Endereço: Rua Maria Ribeiro Machado, 230 – Dinamérica
58432-355 – CAMPINA GRANDE/PB
FONE: (083) 2148.4715 - CNPJ: 38.260.700/0001-98


Diretor Geral: Marcos Marinho Falcão
Editor-Chefe: José Marcos Marinho Falcão (DRT 129-PB)
Redação: Bruno da Silva Marinho, Valberto José, Petra Fernanda
Comercial: Virgília Campos Marinho



RIQUEZA EM ABUNDÂNCIA...

A PALAVRA faz jornalismo com paixão. Desde os primórdios - e lá se vão mais de três décadas - o amor que nutre e dá norte ao seu trabalho é um só: Campina Grande.

A história d’A PALAVRA, começando na sua versão impressa, é realmente apaixonante. Forjada pelo profissionalismo da equipe, jamais baixou a guarda quando golpes se arquitetaram, traições se afirmaram, e nem quando afiadas lâminas de despudoradas guilhotinas foram elevadas para cortar suas verdades.

Poderia hoje ser um império de comunicação na Serra da Borborema. Poderia muito mais: ter dado à sua diretoria, ou mesmo aos seus colaboradores, bastante poder material - riqueza em abundância!

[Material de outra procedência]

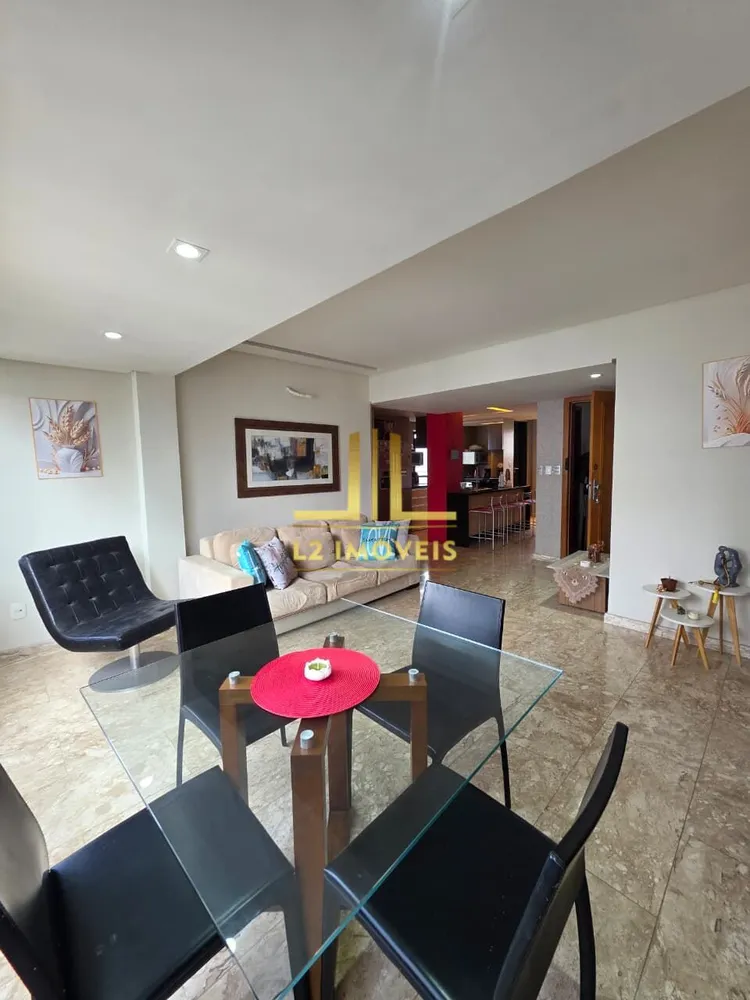 Apartamento, 1 quarto, 74 m² - Foto 4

Mas, A PALAVRA optou pelo seguro caminho do dever cumprido. Pela missão sacerdótica de defender o amado chão. E por essas trilhas, já se sabe, o dinheiro é curto.

Não se ajoelhou A PALAVRA, a não ser em orações aos céus, em nenhum outro instante da sua existência. Chegou a cair várias vezes, tal qual Cristo no rumo do calvário, mas sempre se ergueu. Fechou suas portas em alguns momentos de intensas nebulosidades, mas as abriu tão logo brisas de paz sopraram nos céus da Rainha da Borborema.

Por isso, quem nela continua e quem por ela passou, só orgulho pode carregar.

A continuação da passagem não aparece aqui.